EIF Indoors & Out

Jun 2 2021 | By More

EIF 2021 programme announced

The Edinburgh International Festival has announced its full programme of events for 2021, which will include theatre at the Traverse and Lyceum, opera at the Festival Theatre and a free opening event at the Botanics.

However the majority of events will take place at three temporary covered venues, with a 670 seat venue at Edinburgh Academy Junior School added to the already announced venues in Old Quad and out at Edinburgh Park.

EIF Launch. Fiddler Jenna Reid and cellist Su-a Lee in the Botanics. Pic: Ryan Buchanan

As previously announced, the temporary venues will have covered concert stages and socially distanced seating. Other Covid-secure elements will include shorter performances with no intervals, physical distancing, regular cleaning, and contactless ticketing.

All events have been designed to go ahead under current covid restrictions of two metre distancing on stage and off, a situation which festival director Fergus Linehan says is necessary to ensure certainty.

“We are in a position of enormous privilege where we have got donors and stake holders which means we can do that,” he said before the launch. “Otherwise it can’t happen. Two metres cannot be done commercially in any sense.”

nip and tuck

Even if restrictions do ease, Linehan says it is unlikely that further seats will go on sale: “We have got to build the venues and we have got to get the thing done.

“There might be a bit of nip and tuck around the edges. Just from a purely planning point of view we just want to keep things as simple as we possibly can. People will have bought off a certain type of seating plan and we don’t want to suddenly flip that. And it is the public as well, we want to make sure that they are confident.”

The major theatre work for festival is at the Traverse, where Enda Walsh’s latest play Medicine gets its world premiere, with 20 performances between Saturday 7 and Sunday 29 August.

Domhnall Gleeson leads a cast of three in what is expected to be a devastatingly funny and profoundly moving examination of social responses to mental health concerns – while deconstructing the fabric of theatrical performance.

The Lyceum plays host to live audiences for the first time in over year, with a programme including the National of Scotland’s Lament for Sheku Bayoh and rehearsed readings of Hindu Times by Jaimini Jethwa and You Bury Me by Ahlam.

Alan Cumming

Alan Cumming returns to the EIF for the first UK performances of his new show Alan Cumming Is Not Acting His Age, an evening of story and song which celebrates aging which will be at the Old Quad for four performances on Saturday 28 and Sunday 29 August.

Scottish Opera returns to indoor productions at the Festival Theatre, with a new production of Falstaff by Glasgow-born director Sir David McVicar. The production will get four performances from Sunday 8 to Saturday 14 August.

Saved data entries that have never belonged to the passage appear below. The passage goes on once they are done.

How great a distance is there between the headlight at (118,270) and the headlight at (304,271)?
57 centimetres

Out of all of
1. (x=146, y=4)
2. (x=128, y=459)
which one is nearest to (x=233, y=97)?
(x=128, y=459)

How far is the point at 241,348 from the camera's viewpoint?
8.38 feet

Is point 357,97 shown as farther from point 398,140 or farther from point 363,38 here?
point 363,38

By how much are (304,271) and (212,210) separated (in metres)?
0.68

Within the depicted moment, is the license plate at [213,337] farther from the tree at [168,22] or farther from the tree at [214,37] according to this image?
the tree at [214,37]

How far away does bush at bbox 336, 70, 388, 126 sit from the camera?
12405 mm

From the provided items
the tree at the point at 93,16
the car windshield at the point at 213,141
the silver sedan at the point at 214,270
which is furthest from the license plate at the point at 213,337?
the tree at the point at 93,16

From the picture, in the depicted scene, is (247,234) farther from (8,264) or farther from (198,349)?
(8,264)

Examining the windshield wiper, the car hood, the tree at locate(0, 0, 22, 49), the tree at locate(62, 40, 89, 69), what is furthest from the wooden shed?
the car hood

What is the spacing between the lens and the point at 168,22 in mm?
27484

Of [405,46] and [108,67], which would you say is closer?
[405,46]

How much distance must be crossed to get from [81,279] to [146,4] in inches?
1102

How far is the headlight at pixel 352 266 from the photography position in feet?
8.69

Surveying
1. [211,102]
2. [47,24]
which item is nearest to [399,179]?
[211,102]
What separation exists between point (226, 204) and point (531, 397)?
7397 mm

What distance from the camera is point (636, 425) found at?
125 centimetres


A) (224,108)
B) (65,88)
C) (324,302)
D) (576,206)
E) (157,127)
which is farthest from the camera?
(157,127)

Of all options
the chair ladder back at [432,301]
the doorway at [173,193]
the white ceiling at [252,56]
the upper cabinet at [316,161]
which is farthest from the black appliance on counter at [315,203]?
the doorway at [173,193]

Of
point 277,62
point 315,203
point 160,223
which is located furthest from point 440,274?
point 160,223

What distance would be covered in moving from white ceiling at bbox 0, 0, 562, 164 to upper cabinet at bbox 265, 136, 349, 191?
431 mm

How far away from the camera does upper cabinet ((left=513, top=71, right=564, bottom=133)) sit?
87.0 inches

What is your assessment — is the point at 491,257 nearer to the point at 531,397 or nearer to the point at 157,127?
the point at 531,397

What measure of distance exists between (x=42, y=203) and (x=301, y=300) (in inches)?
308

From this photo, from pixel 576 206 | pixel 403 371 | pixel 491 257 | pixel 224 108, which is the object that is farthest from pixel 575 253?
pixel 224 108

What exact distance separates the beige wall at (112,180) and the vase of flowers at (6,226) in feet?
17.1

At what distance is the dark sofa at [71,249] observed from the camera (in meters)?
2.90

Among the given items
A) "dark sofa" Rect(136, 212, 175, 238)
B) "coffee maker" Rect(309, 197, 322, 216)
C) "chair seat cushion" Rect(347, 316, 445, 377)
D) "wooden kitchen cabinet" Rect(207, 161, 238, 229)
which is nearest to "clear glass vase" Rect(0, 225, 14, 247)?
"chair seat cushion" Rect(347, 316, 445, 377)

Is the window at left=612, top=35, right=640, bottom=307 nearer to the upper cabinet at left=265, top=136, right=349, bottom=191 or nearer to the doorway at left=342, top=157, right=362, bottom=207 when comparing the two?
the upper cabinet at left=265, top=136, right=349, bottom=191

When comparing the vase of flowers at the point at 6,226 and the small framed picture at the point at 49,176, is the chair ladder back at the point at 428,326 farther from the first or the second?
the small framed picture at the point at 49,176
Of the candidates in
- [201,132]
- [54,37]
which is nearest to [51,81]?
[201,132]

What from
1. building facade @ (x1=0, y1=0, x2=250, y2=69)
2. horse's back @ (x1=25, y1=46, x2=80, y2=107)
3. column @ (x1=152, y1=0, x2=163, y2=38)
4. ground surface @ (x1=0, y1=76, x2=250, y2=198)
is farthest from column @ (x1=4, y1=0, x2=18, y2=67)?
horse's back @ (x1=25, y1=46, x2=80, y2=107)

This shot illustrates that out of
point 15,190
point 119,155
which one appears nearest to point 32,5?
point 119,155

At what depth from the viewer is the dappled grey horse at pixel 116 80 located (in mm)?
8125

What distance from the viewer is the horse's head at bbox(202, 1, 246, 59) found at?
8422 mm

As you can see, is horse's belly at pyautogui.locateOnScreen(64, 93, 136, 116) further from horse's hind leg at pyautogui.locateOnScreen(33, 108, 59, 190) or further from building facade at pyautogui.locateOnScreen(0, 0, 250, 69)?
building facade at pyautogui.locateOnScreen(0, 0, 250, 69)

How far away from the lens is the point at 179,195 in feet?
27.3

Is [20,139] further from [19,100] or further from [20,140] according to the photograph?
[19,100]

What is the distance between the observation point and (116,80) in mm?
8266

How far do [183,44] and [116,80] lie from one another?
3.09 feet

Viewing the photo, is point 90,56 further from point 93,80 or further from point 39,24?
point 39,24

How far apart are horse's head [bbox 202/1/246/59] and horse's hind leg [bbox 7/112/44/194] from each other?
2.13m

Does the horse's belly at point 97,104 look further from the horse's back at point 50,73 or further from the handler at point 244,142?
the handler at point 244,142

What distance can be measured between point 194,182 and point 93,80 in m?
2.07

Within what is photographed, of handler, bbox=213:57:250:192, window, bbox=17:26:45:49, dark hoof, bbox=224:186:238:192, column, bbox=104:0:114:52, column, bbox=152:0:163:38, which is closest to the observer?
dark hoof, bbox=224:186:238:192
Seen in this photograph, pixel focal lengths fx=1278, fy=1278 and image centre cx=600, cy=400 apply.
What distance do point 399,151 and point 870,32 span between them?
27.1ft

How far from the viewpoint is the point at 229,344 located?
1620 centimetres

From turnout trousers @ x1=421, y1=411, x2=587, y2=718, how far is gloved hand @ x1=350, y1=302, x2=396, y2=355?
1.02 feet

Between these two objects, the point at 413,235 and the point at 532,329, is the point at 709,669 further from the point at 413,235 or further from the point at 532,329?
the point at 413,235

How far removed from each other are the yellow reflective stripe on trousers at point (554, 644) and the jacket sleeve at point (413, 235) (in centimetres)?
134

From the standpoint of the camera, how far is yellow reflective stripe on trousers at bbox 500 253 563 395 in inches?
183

Down at Inverleith in the temporary venue in the Edinburgh Academy, A Grand Night for Singing is a staged musical revue which showcases the iconic songs of classic Rodgers and Hammerstein musicals. Staged by musical theatre performer Kim Criswell and conducted by Wayne Marshall, the handpicked cast features Criswell alongside Danielle de Niese.

absolutely glorious

Against the odds, the festival will kick off with the Aberdeen Standard Investments Opening Event: Night Light, which will run over three nights from Friday 6 to Sunday 8 August, from 8pm.

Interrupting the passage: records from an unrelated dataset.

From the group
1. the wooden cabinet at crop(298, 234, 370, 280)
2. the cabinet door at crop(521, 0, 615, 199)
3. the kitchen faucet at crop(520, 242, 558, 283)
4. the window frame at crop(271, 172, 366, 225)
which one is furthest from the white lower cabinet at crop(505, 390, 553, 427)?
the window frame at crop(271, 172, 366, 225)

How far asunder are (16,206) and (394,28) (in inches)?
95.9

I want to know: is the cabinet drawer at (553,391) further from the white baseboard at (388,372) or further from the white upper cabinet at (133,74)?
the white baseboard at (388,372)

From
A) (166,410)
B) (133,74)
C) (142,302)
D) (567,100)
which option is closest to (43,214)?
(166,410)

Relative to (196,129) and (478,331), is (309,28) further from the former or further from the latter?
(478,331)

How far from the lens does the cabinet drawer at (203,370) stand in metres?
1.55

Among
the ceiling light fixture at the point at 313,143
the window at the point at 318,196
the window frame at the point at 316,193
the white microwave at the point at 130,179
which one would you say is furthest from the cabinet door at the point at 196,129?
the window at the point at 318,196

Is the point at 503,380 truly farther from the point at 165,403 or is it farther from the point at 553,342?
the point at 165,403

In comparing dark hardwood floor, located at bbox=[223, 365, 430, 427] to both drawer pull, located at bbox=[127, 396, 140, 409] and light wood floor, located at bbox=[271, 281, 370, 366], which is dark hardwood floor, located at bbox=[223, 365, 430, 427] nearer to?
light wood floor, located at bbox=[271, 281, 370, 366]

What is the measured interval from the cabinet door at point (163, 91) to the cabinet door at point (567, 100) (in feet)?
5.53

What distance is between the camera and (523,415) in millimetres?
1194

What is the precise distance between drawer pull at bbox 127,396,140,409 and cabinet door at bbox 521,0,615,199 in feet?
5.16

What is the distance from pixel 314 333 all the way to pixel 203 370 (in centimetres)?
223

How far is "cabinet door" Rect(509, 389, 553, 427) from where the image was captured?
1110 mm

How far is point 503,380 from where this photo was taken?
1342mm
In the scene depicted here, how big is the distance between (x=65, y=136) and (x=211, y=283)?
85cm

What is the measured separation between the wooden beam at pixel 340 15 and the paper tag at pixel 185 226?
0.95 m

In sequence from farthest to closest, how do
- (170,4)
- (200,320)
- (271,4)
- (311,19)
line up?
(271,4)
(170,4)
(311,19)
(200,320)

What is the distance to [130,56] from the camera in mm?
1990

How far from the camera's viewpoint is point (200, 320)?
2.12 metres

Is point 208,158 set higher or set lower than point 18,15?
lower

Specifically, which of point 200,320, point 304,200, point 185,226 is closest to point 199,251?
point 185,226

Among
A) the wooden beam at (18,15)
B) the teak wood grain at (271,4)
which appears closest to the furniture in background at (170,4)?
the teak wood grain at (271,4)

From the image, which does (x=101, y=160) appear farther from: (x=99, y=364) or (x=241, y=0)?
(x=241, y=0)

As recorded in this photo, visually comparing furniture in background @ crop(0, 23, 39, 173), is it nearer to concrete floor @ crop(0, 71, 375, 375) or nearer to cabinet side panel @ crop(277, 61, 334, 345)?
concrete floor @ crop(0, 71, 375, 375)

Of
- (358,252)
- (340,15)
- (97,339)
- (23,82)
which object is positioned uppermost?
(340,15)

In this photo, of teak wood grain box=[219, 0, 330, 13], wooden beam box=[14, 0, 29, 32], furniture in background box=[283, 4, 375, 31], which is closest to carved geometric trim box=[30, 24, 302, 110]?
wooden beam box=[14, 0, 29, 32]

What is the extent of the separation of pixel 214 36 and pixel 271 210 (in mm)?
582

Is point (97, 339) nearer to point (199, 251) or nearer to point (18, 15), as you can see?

Rather than lasers and masses of people crammed onto Lothian Road, it will be a free large scale fire night walk through the Botanics, created by French artist collective Compagnie Carabosse. It combines elaborate fire sculptures with live traditional Scottish music.

“It is absolutely glorious,” says Linehan. “It has been done all over Europe. They are crazy French free spirits, and essentially they take over a site where they create these sculptures made out of little fire pots and they create this lovely smell. And then it is a walk through the Botanics.

“So it is not like laser beams and fireworks – it is much more meditative than that. It is just an environment so beautiful you just want to sit in it. We are still working on the musical end of it which is very much drifting in the air, rather than arriving at a point where there is a concert on or anything like that.”

EIF Tickets go on sale on Friday 11 June at https://www.eif.co.uk/whats-on.

Tickets for the opening event will be available at a later date.